Professor Gey spoke first, discussing recent Supreme Court decisions that indicate the court’s tendency to favor religion in establishment clause cases. One of the better-known recent cases is Hein v. Freedom of Religion, in which the majority ruled that taxpayers cannot challenge the use of money allocated to the executive branch for promotion of religion. Five of the current justices (Scalia, Alito, Kennedy, Roberts and Thomas), Gey argued, generally favor allowing the government to facilitate religion as long as it does not favor a certain sect.

Gey then outlined the differences between the “old” and “new” views of the establishment clause. He stated that there are five important differences. The first is that, under the old view, the government basically ignored religion. Under the new, the Court says that politics are infused with and defined by religion, that the U.S. is a Christian nation that is defined by its values. Secondly, under the old paradigm, the Constitution protects all religions, while under the new, majority religions prevail over minority religious groups.

The third difference is that under the old paradigm, religious beliefs were irrelevant to whether one could obtain citizenship. Under the new paradigm, de facto religious tests are allowed for some aspects of democratic participation. To illustrate, Gey cited the impossibility of being elected to public office in certain areas as an avowed atheist. The fourth difference he cited is that under the old paradigm, the Court enforced one national theory of religious freedom, while the new paradigm has the Court stepping aside and allowing religious battles to be fought on the local level. The fifth and final significant difference between the old and new paradigms, Gey posited, was that under the old system, the government was agnostic and neutral. Now, the government advocates for certain “truths.”

However, Gey offered some hope for those who oppose the new direction of establishment clause doctrine. There are three reasons the new paradigm won’t stand, he said. The first is that the position by the majority is not historical. The writers of the Constitution supported a secular government. Secondly, the U.S. is no longer a Christian country; the two most rapidly growing religious groups are secularists and Muslims. Finally, local demographics are changing so that single religious groups are not so dominant in any given area, and elections will begin to reflect this change.

Professor Marci Hamilton spoke second. She clarified that the historic purpose of the establishment clause was to protect religion and government from one another, as one often has a tendency to overlap and overpower the other. But the separation of church and state is naturally fuzzy because there is no way the two can be totally separated.

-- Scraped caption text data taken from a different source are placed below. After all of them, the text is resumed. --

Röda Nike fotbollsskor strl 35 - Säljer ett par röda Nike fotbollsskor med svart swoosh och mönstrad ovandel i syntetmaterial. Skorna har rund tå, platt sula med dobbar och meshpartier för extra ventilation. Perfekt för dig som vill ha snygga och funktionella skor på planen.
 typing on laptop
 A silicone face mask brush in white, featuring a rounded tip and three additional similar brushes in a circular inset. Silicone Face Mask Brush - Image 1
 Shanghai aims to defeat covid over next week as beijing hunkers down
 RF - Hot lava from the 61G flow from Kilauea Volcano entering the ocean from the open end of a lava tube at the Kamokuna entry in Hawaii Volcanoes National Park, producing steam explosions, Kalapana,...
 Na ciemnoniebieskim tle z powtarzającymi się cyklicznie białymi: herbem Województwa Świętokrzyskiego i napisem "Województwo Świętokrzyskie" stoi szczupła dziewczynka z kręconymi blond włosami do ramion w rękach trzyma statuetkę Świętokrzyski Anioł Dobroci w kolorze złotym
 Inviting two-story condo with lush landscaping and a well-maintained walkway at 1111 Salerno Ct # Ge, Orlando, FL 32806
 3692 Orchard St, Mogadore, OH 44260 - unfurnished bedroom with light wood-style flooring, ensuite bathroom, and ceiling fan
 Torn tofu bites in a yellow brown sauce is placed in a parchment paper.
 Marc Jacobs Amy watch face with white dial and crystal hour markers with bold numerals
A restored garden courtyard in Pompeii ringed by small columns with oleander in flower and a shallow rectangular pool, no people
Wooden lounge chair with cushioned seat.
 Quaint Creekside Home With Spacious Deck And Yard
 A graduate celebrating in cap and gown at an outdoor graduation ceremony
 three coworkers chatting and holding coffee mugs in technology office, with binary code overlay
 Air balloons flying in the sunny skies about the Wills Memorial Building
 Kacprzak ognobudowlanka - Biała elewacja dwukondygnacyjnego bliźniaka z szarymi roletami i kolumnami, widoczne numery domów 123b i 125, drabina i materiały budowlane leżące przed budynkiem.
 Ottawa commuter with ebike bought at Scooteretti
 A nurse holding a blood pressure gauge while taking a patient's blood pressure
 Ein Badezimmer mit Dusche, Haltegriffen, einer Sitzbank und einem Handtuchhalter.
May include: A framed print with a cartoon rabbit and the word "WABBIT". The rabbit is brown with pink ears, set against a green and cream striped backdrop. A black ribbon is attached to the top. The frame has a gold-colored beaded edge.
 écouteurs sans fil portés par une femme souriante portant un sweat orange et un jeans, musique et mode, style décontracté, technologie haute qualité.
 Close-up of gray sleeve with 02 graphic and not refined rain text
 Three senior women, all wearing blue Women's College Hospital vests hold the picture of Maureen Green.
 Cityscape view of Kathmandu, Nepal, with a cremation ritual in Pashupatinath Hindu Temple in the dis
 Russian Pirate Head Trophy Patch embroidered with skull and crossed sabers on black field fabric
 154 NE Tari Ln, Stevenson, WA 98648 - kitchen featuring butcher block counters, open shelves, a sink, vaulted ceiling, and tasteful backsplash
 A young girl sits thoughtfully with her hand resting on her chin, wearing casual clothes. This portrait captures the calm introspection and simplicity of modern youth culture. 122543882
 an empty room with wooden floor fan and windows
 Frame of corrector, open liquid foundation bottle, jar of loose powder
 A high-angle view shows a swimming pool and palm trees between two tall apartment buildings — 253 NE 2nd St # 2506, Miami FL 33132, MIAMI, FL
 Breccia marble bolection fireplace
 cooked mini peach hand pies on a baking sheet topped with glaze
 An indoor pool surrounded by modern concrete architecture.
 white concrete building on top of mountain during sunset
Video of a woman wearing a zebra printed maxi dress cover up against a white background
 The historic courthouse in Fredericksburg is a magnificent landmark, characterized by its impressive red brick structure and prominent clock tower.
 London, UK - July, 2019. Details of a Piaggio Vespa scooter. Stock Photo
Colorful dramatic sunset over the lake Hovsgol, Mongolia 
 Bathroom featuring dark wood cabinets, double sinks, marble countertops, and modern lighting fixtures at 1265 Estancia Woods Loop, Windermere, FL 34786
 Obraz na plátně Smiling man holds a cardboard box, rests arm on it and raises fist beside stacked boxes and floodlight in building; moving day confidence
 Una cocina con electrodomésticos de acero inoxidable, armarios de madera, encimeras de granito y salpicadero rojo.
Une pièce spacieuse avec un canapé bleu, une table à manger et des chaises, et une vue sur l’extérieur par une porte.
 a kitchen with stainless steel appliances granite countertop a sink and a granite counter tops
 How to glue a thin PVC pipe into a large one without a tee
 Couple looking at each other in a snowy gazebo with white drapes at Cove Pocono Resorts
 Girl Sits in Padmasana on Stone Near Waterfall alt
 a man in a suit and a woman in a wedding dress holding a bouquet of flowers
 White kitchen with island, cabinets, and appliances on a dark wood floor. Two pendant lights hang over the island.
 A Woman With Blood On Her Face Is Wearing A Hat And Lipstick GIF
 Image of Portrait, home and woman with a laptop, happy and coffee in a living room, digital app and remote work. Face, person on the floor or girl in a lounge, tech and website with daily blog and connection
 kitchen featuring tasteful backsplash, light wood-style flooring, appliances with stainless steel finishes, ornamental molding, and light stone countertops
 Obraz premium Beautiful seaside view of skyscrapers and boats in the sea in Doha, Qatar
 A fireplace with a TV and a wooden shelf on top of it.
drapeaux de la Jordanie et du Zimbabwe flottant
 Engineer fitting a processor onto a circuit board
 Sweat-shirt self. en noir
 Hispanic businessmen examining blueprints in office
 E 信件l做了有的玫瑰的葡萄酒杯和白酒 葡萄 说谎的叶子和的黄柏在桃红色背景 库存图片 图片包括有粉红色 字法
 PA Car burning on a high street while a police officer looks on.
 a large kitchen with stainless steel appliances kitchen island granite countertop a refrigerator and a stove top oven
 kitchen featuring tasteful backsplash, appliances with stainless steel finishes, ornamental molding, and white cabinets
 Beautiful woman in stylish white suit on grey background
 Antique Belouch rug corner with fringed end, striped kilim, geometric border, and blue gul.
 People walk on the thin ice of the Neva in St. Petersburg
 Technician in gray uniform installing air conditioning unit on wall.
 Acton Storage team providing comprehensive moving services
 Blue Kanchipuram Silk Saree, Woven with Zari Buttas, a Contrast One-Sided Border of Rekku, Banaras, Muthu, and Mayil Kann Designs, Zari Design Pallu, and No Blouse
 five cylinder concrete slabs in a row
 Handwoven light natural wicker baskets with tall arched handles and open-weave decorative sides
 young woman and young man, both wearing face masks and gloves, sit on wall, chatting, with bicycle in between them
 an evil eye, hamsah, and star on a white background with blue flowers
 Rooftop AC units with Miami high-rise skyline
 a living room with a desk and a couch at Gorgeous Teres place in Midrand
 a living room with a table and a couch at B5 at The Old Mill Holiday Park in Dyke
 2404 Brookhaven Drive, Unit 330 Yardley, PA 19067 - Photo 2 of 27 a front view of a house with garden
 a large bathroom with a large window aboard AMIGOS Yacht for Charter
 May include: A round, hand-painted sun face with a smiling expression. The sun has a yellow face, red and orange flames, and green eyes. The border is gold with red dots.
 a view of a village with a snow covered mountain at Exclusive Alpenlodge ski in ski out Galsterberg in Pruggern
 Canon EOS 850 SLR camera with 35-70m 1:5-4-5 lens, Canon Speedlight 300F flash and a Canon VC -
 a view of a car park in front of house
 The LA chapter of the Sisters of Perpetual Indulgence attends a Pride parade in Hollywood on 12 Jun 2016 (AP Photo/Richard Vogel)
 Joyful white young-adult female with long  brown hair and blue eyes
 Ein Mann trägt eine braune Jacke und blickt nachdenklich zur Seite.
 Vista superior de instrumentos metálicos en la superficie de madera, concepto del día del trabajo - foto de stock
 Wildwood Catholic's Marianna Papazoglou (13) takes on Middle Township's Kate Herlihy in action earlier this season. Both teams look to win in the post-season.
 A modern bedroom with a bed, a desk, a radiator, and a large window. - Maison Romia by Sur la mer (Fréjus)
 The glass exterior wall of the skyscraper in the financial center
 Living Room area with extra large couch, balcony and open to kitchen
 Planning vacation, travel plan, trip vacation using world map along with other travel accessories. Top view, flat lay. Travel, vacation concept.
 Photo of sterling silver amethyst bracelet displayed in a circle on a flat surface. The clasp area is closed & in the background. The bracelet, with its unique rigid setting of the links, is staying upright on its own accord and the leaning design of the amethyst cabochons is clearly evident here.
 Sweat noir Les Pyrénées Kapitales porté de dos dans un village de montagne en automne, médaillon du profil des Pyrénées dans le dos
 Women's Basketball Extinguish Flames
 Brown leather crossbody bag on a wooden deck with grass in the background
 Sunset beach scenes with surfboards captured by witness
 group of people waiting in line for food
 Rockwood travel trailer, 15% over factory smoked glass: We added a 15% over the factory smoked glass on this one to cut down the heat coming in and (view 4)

Hamilton made the point that there is an idea that the U.S. has a set of shared beliefs and those beliefs are unavoidable. These beliefs are generally equated with Christian beliefs. However, the idea of the “Christian nation” is flawed, she argues, because the U.S. was not founded by an ecumenical Christian group. The various Christian sects that founded our country hated each other, so to say that there was a single unified “Christianity” in our country is inaccurate.

Despite the historical inaccuracy of the “Christian nation founded on Christian values” idea, the effects of the eroding barrier between church and state will be felt for at least the next 20 years, Hamilton said. In the Court’s next term, there will be more Ten Commandment cases, she predicts, in which the Court will clarify that they can be posted on public property.

However, if the country becomes opposed to the direction the court is taking the separation of church and state, there will be a response from the people through the legislature, she predicted. Hamilton ended her portion of the presentation with the question: Will the Court become irrelevant if there’s a backlash in favor of separation?

ACS sincerely thanks both professors for their time and presentations.